• _WHAT TO WORK ON_
Within the entries below, find the portion that opens with the line containing "#ShotonOnePlus 9pro +" and closes with the line containing "queence Bild mit". Retype that portion exactly and only.

[[ DATA SHOWN open ]]

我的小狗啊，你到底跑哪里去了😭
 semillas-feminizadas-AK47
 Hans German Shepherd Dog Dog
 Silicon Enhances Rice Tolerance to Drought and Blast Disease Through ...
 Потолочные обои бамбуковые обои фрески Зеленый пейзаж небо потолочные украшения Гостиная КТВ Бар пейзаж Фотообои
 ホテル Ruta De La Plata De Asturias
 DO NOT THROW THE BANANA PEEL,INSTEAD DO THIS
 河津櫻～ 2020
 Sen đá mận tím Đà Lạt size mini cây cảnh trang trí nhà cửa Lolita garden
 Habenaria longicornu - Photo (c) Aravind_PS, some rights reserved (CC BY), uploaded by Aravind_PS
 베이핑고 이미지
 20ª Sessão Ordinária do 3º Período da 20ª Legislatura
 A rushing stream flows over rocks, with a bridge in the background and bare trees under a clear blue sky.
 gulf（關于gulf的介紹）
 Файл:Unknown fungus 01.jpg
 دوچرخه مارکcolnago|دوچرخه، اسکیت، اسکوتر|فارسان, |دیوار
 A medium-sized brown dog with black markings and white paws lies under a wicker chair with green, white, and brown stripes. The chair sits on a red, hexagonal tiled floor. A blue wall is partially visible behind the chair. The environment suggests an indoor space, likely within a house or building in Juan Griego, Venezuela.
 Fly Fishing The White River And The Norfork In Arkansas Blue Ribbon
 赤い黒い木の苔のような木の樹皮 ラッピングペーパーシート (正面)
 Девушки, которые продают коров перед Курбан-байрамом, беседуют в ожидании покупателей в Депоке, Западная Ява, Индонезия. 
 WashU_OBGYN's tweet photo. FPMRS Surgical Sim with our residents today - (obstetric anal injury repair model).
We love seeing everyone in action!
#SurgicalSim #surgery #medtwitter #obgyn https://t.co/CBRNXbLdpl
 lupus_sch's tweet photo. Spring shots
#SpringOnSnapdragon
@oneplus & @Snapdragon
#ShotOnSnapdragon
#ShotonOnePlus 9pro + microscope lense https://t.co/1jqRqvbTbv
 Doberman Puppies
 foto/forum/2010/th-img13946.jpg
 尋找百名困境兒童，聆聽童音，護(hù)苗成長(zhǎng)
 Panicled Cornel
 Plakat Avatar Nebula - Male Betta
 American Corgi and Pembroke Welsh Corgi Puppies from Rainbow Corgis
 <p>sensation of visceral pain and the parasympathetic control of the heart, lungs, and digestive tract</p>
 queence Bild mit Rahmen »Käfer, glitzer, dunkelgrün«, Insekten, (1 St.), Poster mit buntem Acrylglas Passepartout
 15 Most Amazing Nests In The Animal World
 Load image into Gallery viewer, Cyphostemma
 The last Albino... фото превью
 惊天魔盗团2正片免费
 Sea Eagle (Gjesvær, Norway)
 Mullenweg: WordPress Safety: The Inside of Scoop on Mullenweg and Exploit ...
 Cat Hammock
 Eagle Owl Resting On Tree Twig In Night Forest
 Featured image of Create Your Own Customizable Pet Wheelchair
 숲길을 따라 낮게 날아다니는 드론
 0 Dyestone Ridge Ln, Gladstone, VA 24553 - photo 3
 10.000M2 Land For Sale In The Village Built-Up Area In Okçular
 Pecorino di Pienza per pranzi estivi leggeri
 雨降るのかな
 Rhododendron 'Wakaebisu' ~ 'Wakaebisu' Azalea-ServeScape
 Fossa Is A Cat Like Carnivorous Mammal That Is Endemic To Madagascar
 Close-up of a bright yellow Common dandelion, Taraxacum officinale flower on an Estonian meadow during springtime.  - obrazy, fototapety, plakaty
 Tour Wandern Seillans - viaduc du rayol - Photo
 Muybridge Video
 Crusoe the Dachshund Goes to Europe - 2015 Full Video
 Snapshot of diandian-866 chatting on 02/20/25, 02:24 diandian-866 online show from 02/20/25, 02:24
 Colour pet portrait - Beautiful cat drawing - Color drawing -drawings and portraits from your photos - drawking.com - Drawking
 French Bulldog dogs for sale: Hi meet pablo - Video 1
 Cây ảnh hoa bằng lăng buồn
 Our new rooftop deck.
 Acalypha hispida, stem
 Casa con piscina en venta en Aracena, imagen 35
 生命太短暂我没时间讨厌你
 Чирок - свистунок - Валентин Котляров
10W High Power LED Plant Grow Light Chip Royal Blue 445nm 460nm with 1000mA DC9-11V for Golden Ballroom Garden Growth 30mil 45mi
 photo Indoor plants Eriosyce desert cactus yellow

[[ DATA SHOWN closed ]]

• _YOUR SOLUTION_
#ShotonOnePlus 9pro + microscope lense https://t.co/1jqRqvbTbv
 Doberman Puppies
 foto/forum/2010/th-img13946.jpg
 尋找百名困境兒童，聆聽童音，護(hù)苗成長(zhǎng)
 Panicled Cornel
 Plakat Avatar Nebula - Male Betta
 American Corgi and Pembroke Welsh Corgi Puppies from Rainbow Corgis
 <p>sensation of visceral pain and the parasympathetic control of the heart, lungs, and digestive tract</p>
 queence Bild mit Rahmen »Käfer, glitzer, dunkelgrün«, Insekten, (1 St.), Poster mit buntem Acrylglas Passepartout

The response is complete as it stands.